Показать, что в основе формального принципа так же точ­но, как в основе всяких других построений искусства, лежат извест­ные психологические предпосылки и что формалисты на деле вынуж­дены быть психологами и говорить подчас запутанной, но совершенно психологической прозой, чрезвычайно легко. Так, исследование Томашевского, основанное на этом принципе, начинается следую­щими словами: “Невозможно дать точное объективное определение стиха.

Невозможно наметить основные признаки, отделяющие стих от прозы. Стихи мы узнаем по непосредственному восприятию. Признак “стихотворности” рождается не только из объективных свойств по­этической речи, но и из условий ее художественного восприятия, из вкусового суждения о ней слушателя” (Б.В. Томашевский, 1923, с. 7).

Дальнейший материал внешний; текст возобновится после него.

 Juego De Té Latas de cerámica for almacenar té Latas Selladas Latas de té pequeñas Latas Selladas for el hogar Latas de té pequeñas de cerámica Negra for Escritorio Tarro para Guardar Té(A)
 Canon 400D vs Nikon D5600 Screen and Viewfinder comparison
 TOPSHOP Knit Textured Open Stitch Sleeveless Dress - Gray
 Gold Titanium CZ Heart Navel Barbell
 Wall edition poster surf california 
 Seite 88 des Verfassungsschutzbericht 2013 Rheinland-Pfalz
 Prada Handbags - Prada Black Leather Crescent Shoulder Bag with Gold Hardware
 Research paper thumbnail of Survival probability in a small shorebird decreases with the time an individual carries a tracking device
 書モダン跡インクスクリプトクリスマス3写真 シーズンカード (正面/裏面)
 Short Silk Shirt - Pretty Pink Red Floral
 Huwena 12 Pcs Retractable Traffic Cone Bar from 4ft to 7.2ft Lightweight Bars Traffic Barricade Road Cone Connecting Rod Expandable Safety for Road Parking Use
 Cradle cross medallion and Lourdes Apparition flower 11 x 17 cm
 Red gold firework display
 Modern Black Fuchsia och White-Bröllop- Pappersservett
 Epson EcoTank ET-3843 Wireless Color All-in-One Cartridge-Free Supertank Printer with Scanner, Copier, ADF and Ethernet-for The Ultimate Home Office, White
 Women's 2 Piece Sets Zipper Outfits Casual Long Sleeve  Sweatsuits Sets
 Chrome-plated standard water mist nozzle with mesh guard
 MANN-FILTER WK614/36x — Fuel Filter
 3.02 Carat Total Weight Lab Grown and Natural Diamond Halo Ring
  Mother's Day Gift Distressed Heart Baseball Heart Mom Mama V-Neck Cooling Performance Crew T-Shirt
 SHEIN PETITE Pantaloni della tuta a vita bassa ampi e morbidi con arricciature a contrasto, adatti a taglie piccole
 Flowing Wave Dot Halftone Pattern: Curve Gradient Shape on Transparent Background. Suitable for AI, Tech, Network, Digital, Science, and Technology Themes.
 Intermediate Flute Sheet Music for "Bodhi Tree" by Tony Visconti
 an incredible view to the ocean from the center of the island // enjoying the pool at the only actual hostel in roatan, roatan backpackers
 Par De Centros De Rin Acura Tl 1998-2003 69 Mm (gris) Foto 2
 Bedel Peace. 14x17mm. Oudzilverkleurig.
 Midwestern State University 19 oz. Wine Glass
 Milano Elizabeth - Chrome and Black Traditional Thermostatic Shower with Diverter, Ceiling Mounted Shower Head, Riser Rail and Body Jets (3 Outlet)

Что это означает, как не признание, что без психологического объяснения у формальной теории нет никаких объективных данных для основного определения природы стиха и прозы – этих наиболее отчетливых и ясных формальных приемов. То же самое становится совершенно ясно и из самого поверхностного ана­лиза выдвигаемой формалистами формулы. Формула формалистов “искусство как прием” естественно вызывает вопрос: “прием чего?”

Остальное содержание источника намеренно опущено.